If you learnt to swim through a formal programme, you will probably have started with your 5m badge. Then moved onto your 10m, 25m, 50m, 100m badges, and so on. You may have completed an extra award for life-saving skills such as treading water in your pyjamas for two minutes and diving to the bottom of the pool to retrieve a rubber brick.
Breaking down a long-term goal into manageable tasks and challenges helps customers to stay engaged. By chunking a large, difficult task into smaller pieces, it keeps the near future in their focus. It’s a way of gaming the long-term into something that feels more immediate.
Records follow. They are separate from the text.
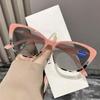 Fashionable and Personalized Cat Eye Presbyopia Sunglasses Female Elegant Color Blocking Anti UV and Anti Blue Light Glasses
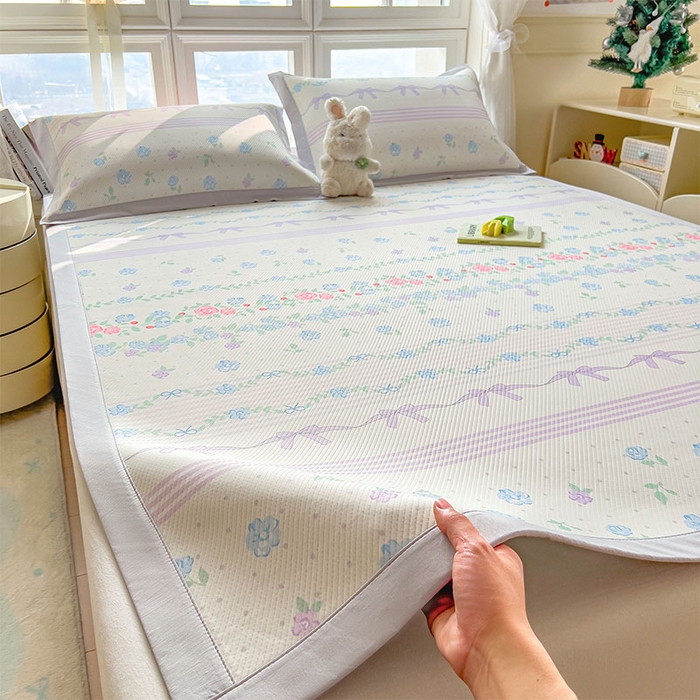 91家纺网 家纺一手货源 找家纺 宜派家纺 2026新款夏季花卉冰丝凉席床笠凉感值过0.21单件夏天冰豆豆A类可机洗学生宿舍空调软席 田园之家-床席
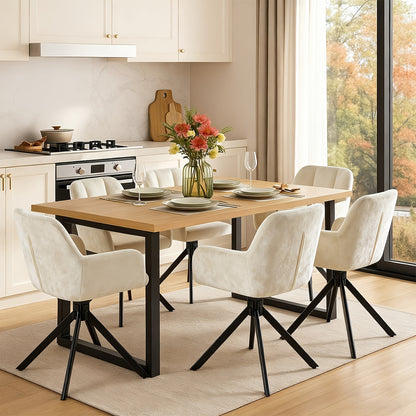 Eetkamerstoel – Dinerstoel – Keukenstoel – Fluwelen Stoel – Draaibare Stoel – Grijs – Memory Foam Zitting – Metalen Frame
Computer games apply this approach really well and are designed to hold players’ interest and keep their motivation high. They introduce levels and increase degrees of difficulty as players progress. In alternative-world-type games, players are set quests, challenges, and mini tasks to perform to earn unique rewards. Simply wandering around a virtual world with nothing specific to do could become boring.
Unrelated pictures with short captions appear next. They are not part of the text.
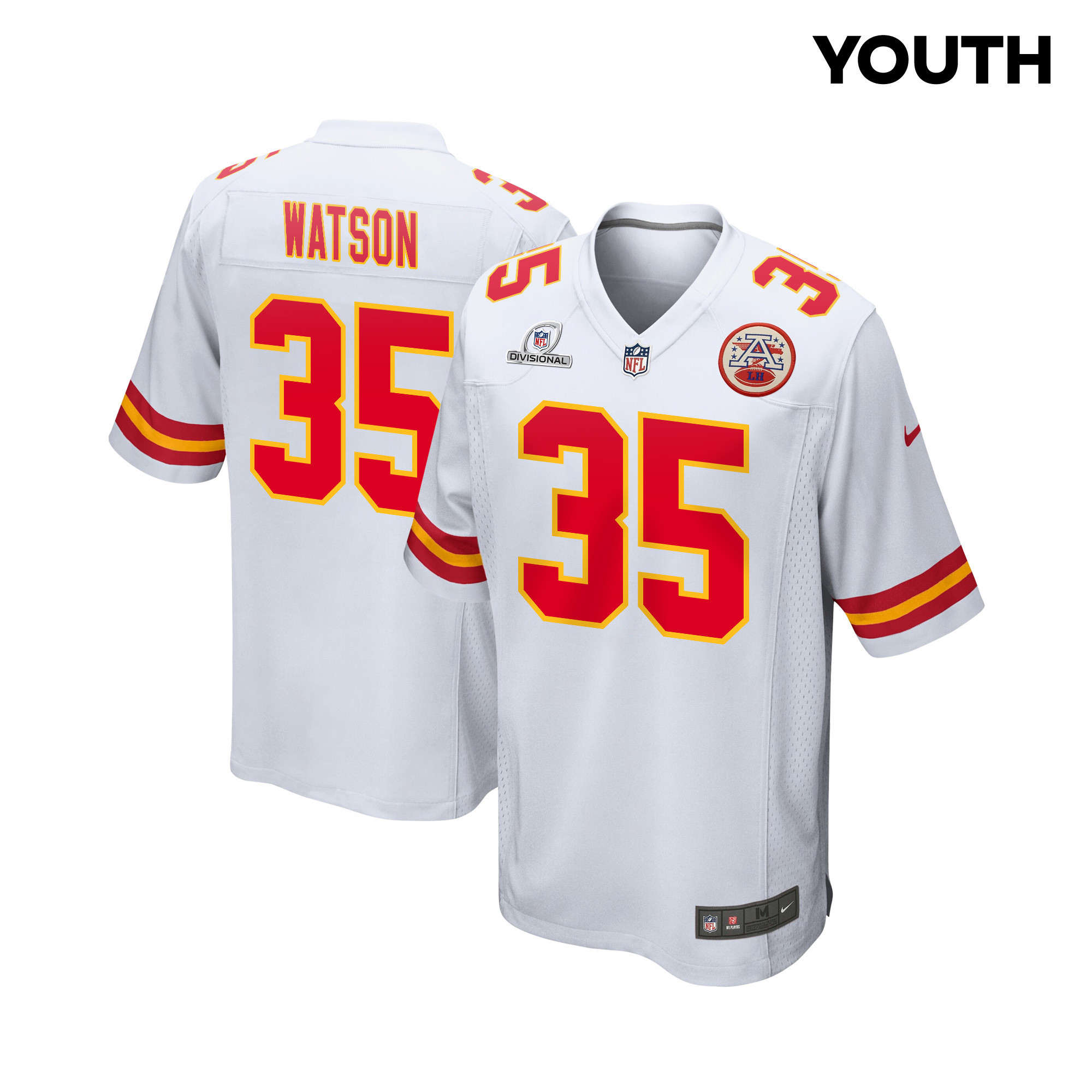 Jaylen Watson 35 Kansas City Chiefs Super Bowl LVIII Patch Game YOUTH Jersey - White - JSDV964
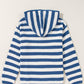 Blue Stripe V Neck Pocketed Drawstring Hooded Sweater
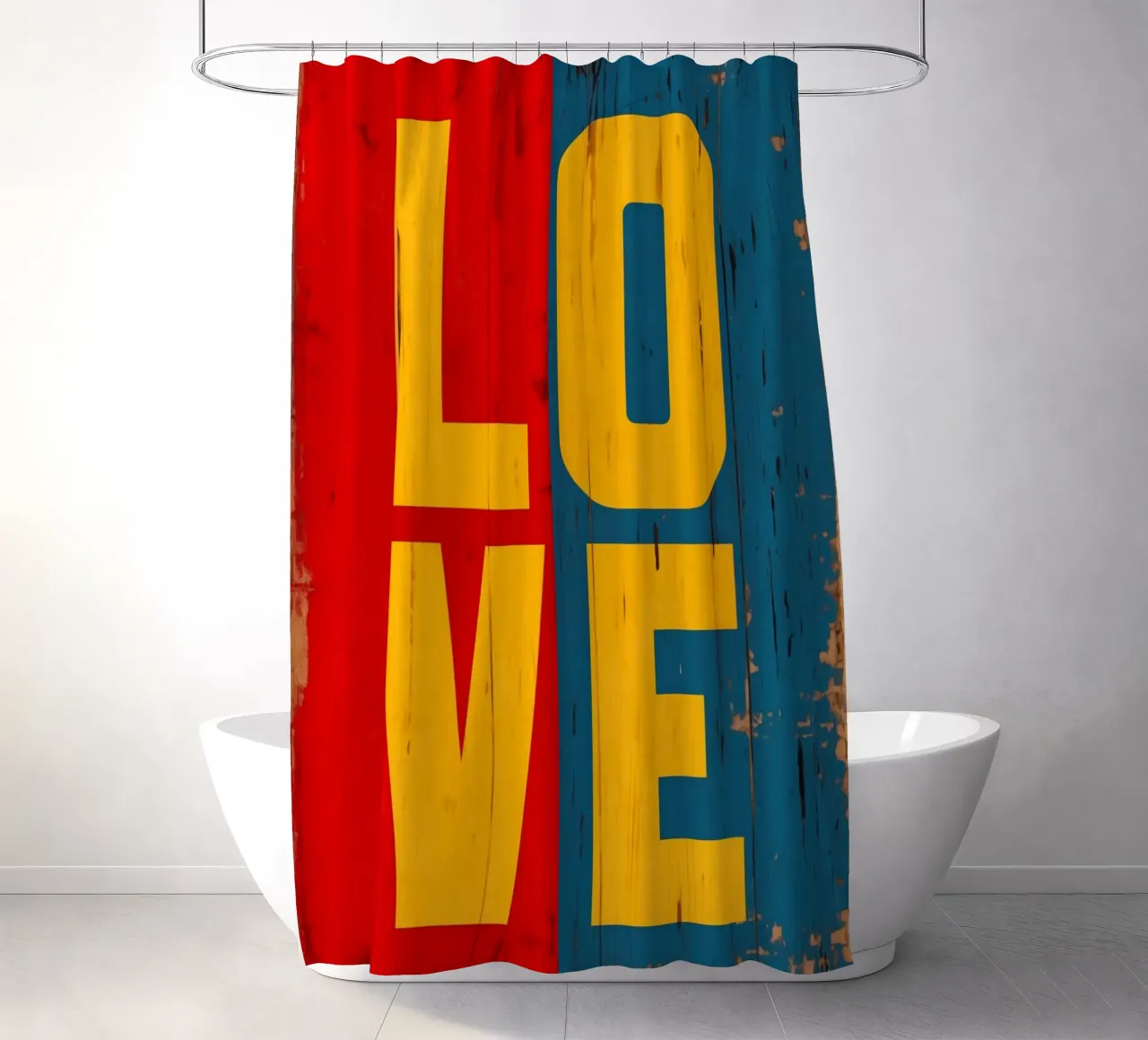 LOVE | Shabby Chic Retro colours on old wood shower curtain by Autofocus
Examples of levels in action:
- Students studying for their degree focusing on the next assignment, the next semester...
- We have an education system broken down into “key stages”.
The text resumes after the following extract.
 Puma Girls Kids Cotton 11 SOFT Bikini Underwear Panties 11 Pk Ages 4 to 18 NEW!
- People who are trying to lose a lot of weight focus on the next half stone, the next stone, or the next 5% body weight.
- Long-term construction projects, such as the building of new highways and railroads, are described in phases.
- Long-term business plans are chunked down into quarterly targets. We use the language of milestones, conduct quarterly reviews and deliver long-term strategies in steps.
- Speaking of milestones… when travelling we break long journeys up by focusing on the next big town we’ll pass. (It’s literally what milestones are.)
- People wanting to learn a new language, or how to draw, or practise yoga are taught in classes ranging through beginner, intermediate and expert levels.
- Airlines have different levels of loyalty membership for passengers, based on the number of air miles they have and the frequency with which they travel.
Boost your miles
People love boosts! Give customers a feeling of rapid progress by offering them a boost.Can you enable customers to check off some easy wins first? Give them a head start while they are highly motivated. Offer them a chance to gain extra loyalty points or air miles. Offer an intensive course to help them get started quickly on a new skill, such as learning to drive. Add an extra stamp or sticker to their coffee card so they are immediately nearer to their next free coffee.